It is not a fire-and-forget system, not for a while at least. Feeders jam, parts fall of the needle, vision system needs adjustment etc etc.
Yes - there is always something.....even with more expensive systems. My setup is a full-on commercial system from the 90's. It is physically very robust, precise, accurate, repeatable.....yet still mis-picks and messes up. The feeders may not advance, jam, not be repeatable. Each job is loaded with little tweaks and fixes. Some jobs, I use the same feeders as the last job......some jobs I have to load 20 feeders and 10 cut tapes and 3 tubes. Each one requires settings, pickup test, placement test and a final verification. It is very easy to cross similar parts and your 20 placements of 1k resistors just became 100k. Or all the diode are backward.

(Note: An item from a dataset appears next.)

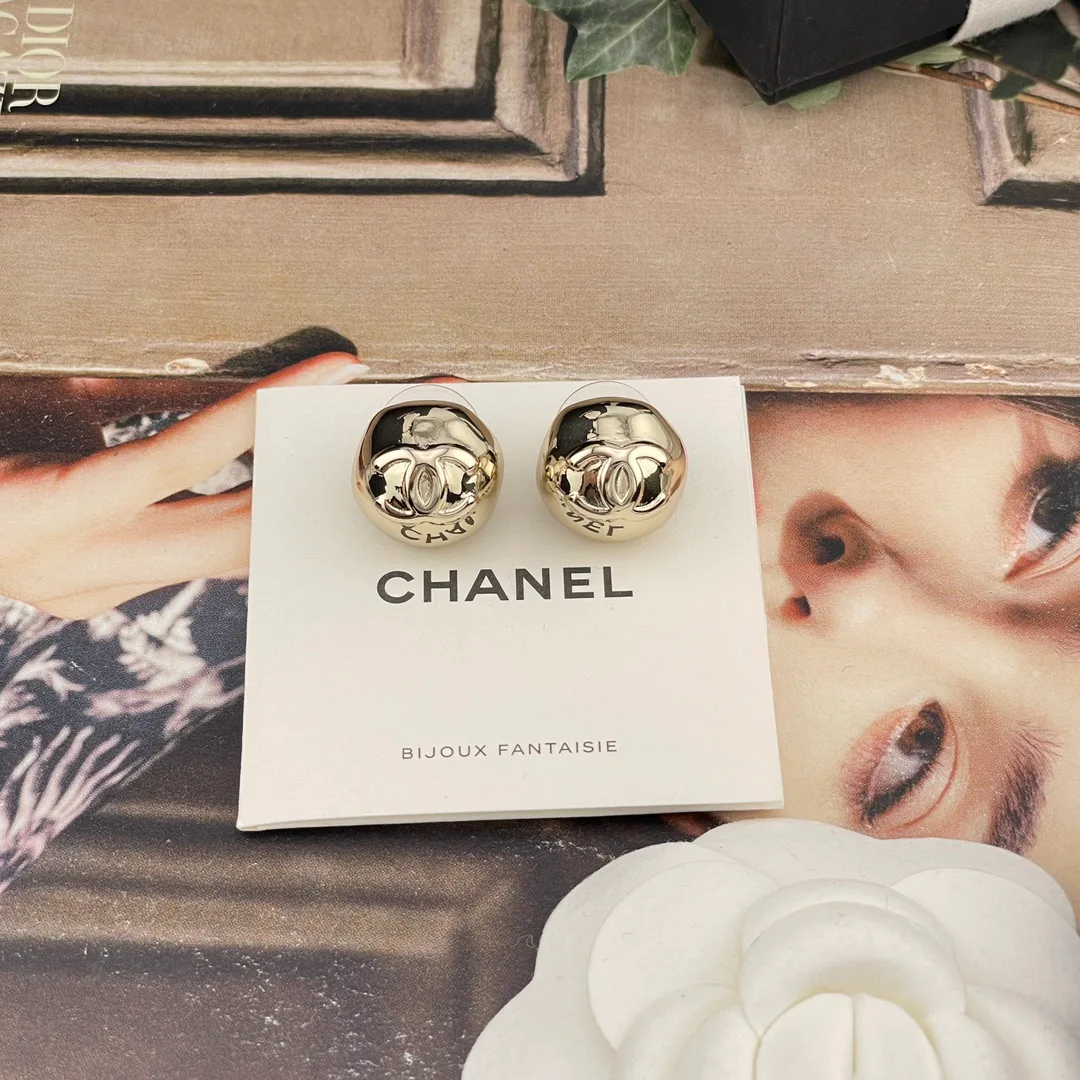 Бижутерия Chanel 11465462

I feel like for prototyping - a system that uses vision to image each pickup would be good. Vision alignment is very very cheap and can overcome a myriad of mechanical deficiencies. In a production world, it may be too slow but for prototyping, setup effort dominates the total time. If I could have marginally accurate feeders and marginally places cut tapes where the machine can find the edges of the part - it would save a lot of time and expense. In a budget-constrained world of makers and DIY - leaning on cheap vision instead of very accurate mechanics seem like it would yield a better solution overall.

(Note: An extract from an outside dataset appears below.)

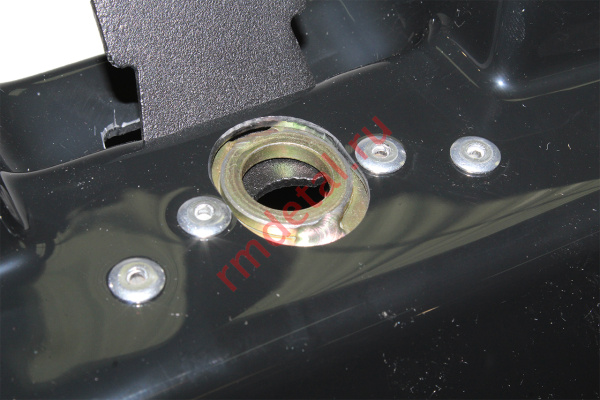 0136399  Основание сиденья S10101350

Going from CAD to their s/w requires manually checking orientation of the part in library vs in the tape or tray
I have developed very elaborate s/w to translate Eagle files into QIHE s/w which makes it almost "1-click". In another 6 month I hope to be able to outperform manual assembly of 2 boards
+1 - Having a smooth path from CAD, libraries with consistent rotations etc. makes a huge difference to setup time
This is a key difference between having your own machine for your own projects, and a subcontractor situation where you have to take designs in from other people. The requirements from the P&P software are somewhat different between these 2 use cases
This is CRUCIAL to making it all work. I too put in considerable effort to get to a '1-click' from CAD to P&P. That effort was very well spent and drastically reduces the effort for new designs. I also scanned eBay like a hawk and have been continuously purchasing various feeders. I now have 200+ feeders which is enough to keep most parts loaded all the time, still, have leftovers for new parts and spare parts when they break. Early on when I was very feeder limited, I spent enormous amounts of time swapping parts in the feeders.
Two years after the initial acquisition.....I finally have the process worked out. A lot of hours and a lot of additional money to make it a practical process.